The construction and delivery process was led by John Deatrick, a former Cincinnati transportation official who left that city to become Chief Engineer for DC's Department of Transportation but returned to Cincinnati *City to streetcar czar: Thanks, but you're done Dec. 31," CE). Had he stayed in DC, perhaps the implementation of the streetcar here would have gone much more smoothly.

-- Cincinnati Enquirer's ongoing coverage of their streetcar

Conclusion.  From a branding and repositioning standpoint, streetcars and other fixed rail transit programs are important ways to redefine the value of center cities as a place to live and locate business in the face of the postwar sprawl-suburban land use and transportation development paradigm.

These projects are an important sign of reinvestment and refocusing development on center cities.
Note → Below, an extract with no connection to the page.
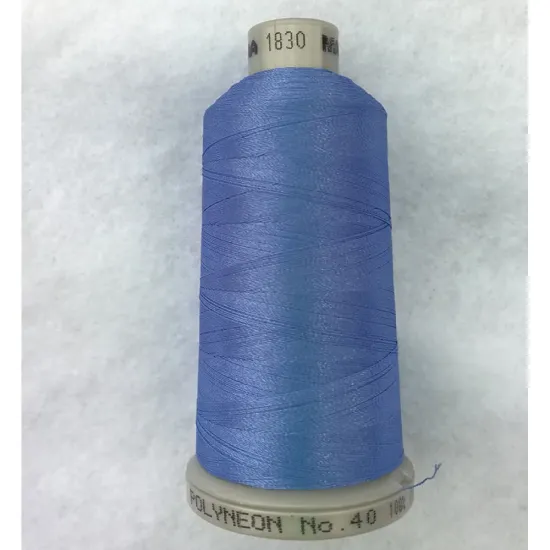 Ata de brodat polyneon China Blue, 100% polyester, finete 40, con 1000 metri, cutie 10 conuri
Furthermore, despite how some argue that streetcars aren't about transit but economic development (past entries "DC and streetcars #2: STREETCARS ARE ABOUT TRANSIT, just in a different way from how most people are accustomed to thinking about it" and "The argument that streetcars are "good enough" but "imperfect transit" is flawed"), the Kansas City and Cincinnati streetcar projects prove the best answer is that streetcars do both.

(Now I would also discuss this in terms of creating what I am calling the sustainable mobility platform in cities, which is a combination of having the right urban design which supports walking + biking + transit + bike share + car share + delivery complemented by in-community retail, employment centers and attractions.)

The same is true of Tucson's streetcar ("Tucson seeks to replicate streetcar success in future growth" Arizona Public Media) and Dallas ("Streetcars are an engine behind Uptown Dallas success," Trains Magazine; "Once-skeptical Dallas city manager has a desire for streetcars," Dallas Morning News), Portland, and Seattle among others.

The Dallas and Tucson stories are particularly interesting because the initiative behind creating the services was ground up, led by citizen activists, rather than a more typical program laid out by planning departments and government.

-- The Purpose, Function, and Performance of Streetcar Transit in the Modern U.S. City: A Multiple-Case-Study Investigation, Mineta Transportation Institute

And the examples in Cincinnati, Dallas, Kansas City, Portland, and Seattle demonstrate that while all the systems tend to experience at least some difficulties in implementation, the problems with the implementation in DC are more the exception than the rule.